In this paper I would like to present preliminary results from my ongoing PhD-project focusing creation of subjectivity in secondary school music education. The aim of this paper is to discuss construction of femininity in intersection with class regarding the use of different rhetorical resources available in different music classrooms. In particular I will pinpoint how the girls make use of insecurity and how this effects their possibilities to participate in musical activities.
During autumn 2014 I have been following the weekly music lessons in three classrooms in Stockholm and it's surroundings. The schools were strategically selected to represent maximum differentiation in the students socioeconomic background using the notion of symbolic capital resulting in three schools: a High end school, a Low end school and a Music profiled school.
The lessons were documented with video camera, transcribed in great detail, and analyzed with concepts drawing from positioning theory, discursive psychology and conversation analysis focusing the rhetorical resources in the interactional work done among the pupils.

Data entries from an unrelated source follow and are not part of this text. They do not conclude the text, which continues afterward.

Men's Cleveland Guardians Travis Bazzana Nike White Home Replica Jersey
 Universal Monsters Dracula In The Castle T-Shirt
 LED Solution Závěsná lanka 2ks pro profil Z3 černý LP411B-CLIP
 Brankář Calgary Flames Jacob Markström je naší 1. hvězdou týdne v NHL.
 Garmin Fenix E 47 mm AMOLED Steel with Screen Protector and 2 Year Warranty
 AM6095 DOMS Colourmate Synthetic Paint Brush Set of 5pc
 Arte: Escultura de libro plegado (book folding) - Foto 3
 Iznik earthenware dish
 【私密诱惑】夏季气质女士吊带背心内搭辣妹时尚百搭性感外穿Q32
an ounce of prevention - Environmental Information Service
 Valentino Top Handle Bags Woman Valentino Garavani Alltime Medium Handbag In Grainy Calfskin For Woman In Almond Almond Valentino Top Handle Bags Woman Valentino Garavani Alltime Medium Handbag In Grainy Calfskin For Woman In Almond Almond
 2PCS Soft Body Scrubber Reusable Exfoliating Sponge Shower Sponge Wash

Insecurity appears to be a resource available for the girls in all three classrooms but with different effects. For girls in the high end school insecurity explicitly expressed by words is frequently followed by further musical activities. In the low end school insecurity, expressed by avoiding difficult tasks, limits the possibility to further practice. In the music school the use of insecurity also of risk of being positioned as nervous and problematic and can be understood as an obstacle for practicing difficult music tasks in ensemble practice.